■ **TO DO**: After locating the line that contains "Foto 7 de Casa" in the data below, set down exactly that line and each one after it through the line that contains "222 East 39th Street — Photo 2", and nothing more.

■ **SOURCE DATA**:
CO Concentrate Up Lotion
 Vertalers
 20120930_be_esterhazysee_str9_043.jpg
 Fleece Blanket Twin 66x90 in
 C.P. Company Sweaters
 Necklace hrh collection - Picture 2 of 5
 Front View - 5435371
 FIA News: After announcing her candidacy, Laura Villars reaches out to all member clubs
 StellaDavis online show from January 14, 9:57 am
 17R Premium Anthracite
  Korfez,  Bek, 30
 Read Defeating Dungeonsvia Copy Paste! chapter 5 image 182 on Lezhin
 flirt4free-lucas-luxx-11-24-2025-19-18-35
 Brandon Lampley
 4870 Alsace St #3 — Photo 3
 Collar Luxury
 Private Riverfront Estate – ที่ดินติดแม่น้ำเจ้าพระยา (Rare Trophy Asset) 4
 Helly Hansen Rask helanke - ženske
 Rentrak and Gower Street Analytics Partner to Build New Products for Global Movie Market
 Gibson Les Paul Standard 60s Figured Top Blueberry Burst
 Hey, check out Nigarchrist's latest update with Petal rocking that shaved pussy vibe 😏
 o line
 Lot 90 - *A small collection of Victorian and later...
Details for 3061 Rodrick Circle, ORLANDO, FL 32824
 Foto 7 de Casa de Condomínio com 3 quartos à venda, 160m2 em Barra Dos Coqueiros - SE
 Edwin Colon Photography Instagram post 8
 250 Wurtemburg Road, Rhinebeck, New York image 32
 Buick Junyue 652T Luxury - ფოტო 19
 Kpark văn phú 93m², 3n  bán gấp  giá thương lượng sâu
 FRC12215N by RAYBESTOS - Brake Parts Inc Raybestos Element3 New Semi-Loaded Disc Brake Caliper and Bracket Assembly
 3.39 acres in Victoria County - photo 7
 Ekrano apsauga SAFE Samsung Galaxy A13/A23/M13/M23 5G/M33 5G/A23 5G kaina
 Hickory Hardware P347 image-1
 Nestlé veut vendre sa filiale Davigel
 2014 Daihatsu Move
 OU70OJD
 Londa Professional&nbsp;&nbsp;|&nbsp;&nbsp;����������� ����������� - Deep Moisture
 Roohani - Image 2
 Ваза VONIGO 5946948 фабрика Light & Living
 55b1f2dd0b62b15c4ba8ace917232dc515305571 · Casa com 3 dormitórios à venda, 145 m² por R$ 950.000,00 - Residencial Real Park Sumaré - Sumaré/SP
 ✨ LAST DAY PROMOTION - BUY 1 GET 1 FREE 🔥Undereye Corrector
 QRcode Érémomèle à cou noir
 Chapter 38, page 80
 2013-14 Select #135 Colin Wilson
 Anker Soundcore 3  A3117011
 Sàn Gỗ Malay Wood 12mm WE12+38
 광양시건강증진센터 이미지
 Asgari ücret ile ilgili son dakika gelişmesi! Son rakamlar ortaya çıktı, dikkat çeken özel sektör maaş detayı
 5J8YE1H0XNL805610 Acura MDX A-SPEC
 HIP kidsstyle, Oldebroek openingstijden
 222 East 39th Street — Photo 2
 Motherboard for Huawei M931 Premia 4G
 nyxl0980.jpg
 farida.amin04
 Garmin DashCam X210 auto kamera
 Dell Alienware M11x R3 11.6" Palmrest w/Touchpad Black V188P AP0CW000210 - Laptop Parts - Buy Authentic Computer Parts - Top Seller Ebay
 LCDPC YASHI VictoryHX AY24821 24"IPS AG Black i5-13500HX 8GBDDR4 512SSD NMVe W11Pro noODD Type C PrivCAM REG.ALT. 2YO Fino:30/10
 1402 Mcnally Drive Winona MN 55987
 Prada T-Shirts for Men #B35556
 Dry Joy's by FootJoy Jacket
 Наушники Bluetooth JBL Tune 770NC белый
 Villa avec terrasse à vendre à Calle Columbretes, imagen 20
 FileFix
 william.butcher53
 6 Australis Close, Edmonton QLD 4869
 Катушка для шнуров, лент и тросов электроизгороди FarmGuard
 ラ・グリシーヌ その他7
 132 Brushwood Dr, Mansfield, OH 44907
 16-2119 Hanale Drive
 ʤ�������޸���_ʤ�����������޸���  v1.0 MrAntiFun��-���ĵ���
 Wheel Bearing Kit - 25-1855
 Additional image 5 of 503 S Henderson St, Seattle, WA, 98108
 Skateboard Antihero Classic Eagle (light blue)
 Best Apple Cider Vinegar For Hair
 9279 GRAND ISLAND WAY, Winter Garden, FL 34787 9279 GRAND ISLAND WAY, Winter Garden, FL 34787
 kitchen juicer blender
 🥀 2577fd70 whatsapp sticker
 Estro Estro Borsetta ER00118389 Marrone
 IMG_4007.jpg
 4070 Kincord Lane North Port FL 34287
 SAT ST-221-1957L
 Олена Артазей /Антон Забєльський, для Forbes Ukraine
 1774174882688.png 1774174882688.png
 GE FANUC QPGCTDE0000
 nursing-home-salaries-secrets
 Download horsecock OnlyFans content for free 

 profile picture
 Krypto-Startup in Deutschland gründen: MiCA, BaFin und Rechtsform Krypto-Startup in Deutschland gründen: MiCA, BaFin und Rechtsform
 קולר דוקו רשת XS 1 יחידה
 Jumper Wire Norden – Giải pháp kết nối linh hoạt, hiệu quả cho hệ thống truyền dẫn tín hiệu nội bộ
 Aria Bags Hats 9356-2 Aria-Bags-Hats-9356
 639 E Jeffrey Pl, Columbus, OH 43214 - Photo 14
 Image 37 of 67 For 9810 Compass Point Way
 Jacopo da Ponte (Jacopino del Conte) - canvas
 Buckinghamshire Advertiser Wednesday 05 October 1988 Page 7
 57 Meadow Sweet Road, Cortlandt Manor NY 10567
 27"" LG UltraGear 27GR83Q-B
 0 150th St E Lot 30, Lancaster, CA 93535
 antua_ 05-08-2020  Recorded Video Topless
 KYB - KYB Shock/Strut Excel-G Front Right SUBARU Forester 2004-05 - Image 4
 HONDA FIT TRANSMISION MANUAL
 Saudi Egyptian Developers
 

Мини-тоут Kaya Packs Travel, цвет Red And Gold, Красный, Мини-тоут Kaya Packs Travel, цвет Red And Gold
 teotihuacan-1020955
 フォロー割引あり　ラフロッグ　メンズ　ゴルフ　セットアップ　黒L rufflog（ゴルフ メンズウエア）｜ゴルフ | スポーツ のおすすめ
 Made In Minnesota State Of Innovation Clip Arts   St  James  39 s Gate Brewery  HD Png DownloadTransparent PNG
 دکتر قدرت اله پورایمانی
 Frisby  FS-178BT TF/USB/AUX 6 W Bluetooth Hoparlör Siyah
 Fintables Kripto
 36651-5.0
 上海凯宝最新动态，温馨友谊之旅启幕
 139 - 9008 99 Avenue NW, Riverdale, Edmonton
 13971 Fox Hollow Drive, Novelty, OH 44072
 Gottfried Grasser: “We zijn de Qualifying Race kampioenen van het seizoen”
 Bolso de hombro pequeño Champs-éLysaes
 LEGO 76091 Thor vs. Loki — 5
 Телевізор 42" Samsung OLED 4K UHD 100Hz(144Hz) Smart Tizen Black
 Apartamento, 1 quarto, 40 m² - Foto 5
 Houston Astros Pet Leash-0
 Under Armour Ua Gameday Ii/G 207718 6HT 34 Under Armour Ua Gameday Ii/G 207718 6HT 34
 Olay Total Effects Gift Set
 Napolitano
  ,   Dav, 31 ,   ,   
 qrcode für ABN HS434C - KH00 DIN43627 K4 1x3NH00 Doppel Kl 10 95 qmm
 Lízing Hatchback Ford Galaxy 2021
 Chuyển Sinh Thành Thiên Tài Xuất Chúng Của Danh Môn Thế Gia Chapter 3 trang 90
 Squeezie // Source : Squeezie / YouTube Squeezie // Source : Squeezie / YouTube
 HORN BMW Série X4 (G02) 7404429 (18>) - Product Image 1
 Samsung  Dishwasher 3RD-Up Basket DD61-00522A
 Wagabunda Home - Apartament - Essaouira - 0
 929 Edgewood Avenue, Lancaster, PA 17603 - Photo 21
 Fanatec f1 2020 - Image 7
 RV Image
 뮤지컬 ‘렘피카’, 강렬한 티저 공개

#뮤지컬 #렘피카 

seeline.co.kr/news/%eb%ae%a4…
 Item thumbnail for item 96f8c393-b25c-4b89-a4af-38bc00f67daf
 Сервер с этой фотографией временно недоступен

■ **THE ANSWER**:
 Foto 7 de Casa de Condomínio com 3 quartos à venda, 160m2 em Barra Dos Coqueiros - SE
 Edwin Colon Photography Instagram post 8
 250 Wurtemburg Road, Rhinebeck, New York image 32
 Buick Junyue 652T Luxury - ფოტო 19
 Kpark văn phú 93m², 3n  bán gấp  giá thương lượng sâu
 FRC12215N by RAYBESTOS - Brake Parts Inc Raybestos Element3 New Semi-Loaded Disc Brake Caliper and Bracket Assembly
 3.39 acres in Victoria County - photo 7
 Ekrano apsauga SAFE Samsung Galaxy A13/A23/M13/M23 5G/M33 5G/A23 5G kaina
 Hickory Hardware P347 image-1
 Nestlé veut vendre sa filiale Davigel
 2014 Daihatsu Move
 OU70OJD
 Londa Professional&nbsp;&nbsp;|&nbsp;&nbsp;����������� ����������� - Deep Moisture
 Roohani - Image 2
 Ваза VONIGO 5946948 фабрика Light & Living
 55b1f2dd0b62b15c4ba8ace917232dc515305571 · Casa com 3 dormitórios à venda, 145 m² por R$ 950.000,00 - Residencial Real Park Sumaré - Sumaré/SP
 ✨ LAST DAY PROMOTION - BUY 1 GET 1 FREE 🔥Undereye Corrector
 QRcode Érémomèle à cou noir
 Chapter 38, page 80
 2013-14 Select #135 Colin Wilson
 Anker Soundcore 3  A3117011
 Sàn Gỗ Malay Wood 12mm WE12+38
 광양시건강증진센터 이미지
 Asgari ücret ile ilgili son dakika gelişmesi! Son rakamlar ortaya çıktı, dikkat çeken özel sektör maaş detayı
 5J8YE1H0XNL805610 Acura MDX A-SPEC
 HIP kidsstyle, Oldebroek openingstijden
 222 East 39th Street — Photo 2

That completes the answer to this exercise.